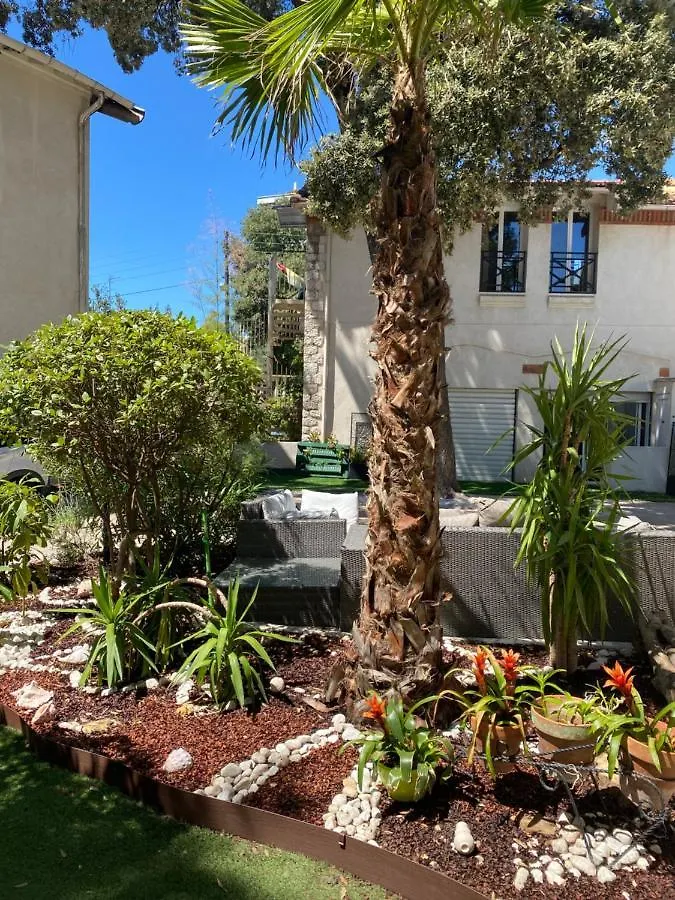 Casa Cacao Pres Plage Et Velodrome Marseille Villa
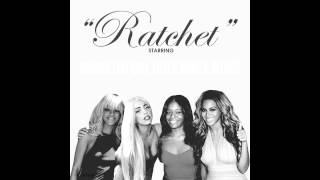 Lady Gaga  Ratchet Rihanna Beyonce and Azealia Banks [upl. by Ayhtin]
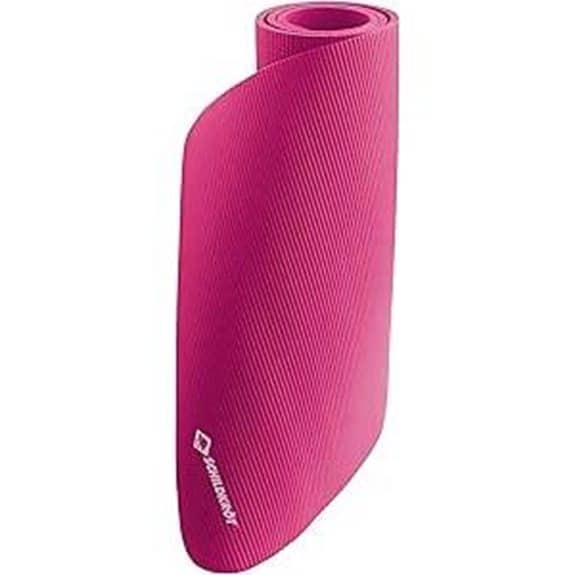 5 beste Yogamatten für Anfänger, die bereit sind, mit ihrer Praxis zu beginnen anfänger, beginnen, bereit, beste, die, empfehlungen, für, ihrer, mit, praxis, produkt, sind, yoga, Yoga-Praxis, Yogamatte, Yogamatten 2 Schildkröt 10mm rutschfeste Fitnessmatte mit Tragegurt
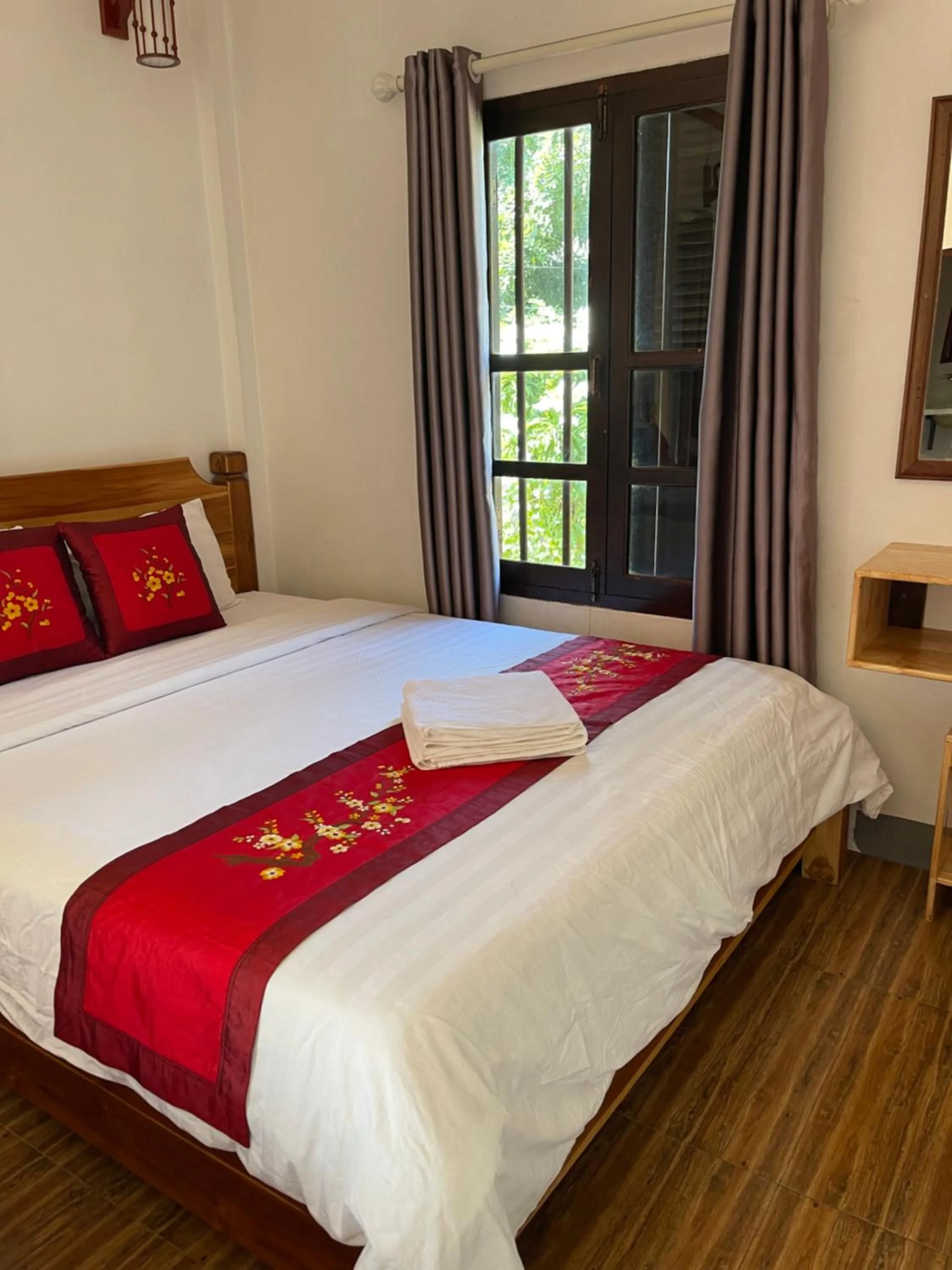 Bed in Liberty Place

WORK REQUEST:
Restate the lines above exactly, from the one bearing "5 beste Yogamatten" through the final line of the material, both included, omitting pictures.

ANSWER:
 5 beste Yogamatten für Anfänger, die bereit sind, mit ihrer Praxis zu beginnen anfänger, beginnen, bereit, beste, die, empfehlungen, für, ihrer, mit, praxis, produkt, sind, yoga, Yoga-Praxis, Yogamatte, Yogamatten 2 Schildkröt 10mm rutschfeste Fitnessmatte mit Tragegurt
 Bed in Liberty Place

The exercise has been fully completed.